TASK TO CARRY OUT - The result should be every line in the data below that carries the string "Klein".

GIVEN INFORMATION -
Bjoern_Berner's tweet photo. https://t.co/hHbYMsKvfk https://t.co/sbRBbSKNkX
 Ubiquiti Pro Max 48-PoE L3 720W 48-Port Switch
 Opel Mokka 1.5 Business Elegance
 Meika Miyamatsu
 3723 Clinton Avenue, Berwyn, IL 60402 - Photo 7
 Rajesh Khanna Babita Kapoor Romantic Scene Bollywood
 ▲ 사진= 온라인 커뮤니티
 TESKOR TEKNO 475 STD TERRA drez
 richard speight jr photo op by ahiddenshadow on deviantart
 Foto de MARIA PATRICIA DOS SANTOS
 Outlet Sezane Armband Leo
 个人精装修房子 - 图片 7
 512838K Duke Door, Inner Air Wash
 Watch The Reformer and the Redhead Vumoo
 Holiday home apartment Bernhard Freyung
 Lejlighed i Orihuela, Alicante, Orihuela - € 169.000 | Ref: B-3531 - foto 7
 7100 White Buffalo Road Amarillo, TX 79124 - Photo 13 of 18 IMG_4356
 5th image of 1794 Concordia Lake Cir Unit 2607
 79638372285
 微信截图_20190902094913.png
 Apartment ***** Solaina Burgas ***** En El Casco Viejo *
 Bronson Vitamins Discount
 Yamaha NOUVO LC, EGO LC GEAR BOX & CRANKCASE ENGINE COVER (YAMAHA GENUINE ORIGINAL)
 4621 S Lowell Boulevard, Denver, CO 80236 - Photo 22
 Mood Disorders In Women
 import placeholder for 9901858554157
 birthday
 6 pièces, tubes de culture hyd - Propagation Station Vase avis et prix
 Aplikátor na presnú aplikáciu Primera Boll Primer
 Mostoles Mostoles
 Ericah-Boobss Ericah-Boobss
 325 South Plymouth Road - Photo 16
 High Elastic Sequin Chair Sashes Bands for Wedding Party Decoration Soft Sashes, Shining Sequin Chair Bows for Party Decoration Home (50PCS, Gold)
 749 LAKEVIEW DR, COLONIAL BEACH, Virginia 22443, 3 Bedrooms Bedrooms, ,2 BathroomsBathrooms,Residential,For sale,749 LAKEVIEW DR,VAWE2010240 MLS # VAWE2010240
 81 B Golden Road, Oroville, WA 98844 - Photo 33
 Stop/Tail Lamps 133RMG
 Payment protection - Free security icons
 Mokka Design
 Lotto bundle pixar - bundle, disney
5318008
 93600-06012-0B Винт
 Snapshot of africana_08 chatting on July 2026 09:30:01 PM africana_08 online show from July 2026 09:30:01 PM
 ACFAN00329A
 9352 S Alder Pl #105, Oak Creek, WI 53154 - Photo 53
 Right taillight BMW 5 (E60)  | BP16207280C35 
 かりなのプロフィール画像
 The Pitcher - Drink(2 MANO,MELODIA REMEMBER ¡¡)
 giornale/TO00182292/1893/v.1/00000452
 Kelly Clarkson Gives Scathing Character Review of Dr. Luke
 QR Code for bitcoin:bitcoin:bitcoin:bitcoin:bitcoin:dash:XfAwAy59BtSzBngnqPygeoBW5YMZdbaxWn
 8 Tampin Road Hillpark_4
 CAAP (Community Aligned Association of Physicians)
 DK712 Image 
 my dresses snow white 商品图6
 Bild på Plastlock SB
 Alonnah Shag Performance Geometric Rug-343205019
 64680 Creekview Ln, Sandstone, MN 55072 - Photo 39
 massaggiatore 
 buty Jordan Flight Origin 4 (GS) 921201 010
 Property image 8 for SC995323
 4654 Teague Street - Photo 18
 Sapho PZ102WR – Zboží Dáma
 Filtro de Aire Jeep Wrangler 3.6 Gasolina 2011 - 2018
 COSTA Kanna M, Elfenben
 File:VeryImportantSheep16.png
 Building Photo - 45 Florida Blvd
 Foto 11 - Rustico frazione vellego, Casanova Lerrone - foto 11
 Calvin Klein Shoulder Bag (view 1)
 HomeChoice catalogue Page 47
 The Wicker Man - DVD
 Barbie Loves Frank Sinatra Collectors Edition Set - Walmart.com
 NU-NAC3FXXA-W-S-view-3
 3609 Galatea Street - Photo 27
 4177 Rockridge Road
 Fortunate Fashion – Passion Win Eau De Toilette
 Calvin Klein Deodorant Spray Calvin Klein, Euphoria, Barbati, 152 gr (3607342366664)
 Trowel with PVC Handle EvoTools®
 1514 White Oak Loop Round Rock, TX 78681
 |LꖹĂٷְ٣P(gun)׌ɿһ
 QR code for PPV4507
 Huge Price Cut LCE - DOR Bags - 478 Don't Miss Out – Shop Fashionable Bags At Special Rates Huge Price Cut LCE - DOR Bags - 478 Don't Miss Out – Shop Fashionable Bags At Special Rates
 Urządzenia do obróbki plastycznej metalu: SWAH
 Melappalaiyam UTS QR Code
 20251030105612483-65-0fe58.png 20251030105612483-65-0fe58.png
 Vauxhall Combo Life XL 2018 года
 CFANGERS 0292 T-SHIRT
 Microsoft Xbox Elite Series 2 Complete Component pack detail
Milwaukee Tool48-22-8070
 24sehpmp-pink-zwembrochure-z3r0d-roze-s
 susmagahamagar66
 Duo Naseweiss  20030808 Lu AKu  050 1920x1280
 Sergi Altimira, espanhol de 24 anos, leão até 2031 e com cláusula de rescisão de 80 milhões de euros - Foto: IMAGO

TASK OUTPUT -
 Calvin Klein Shoulder Bag (view 1)
 Calvin Klein Deodorant Spray Calvin Klein, Euphoria, Barbati, 152 gr (3607342366664)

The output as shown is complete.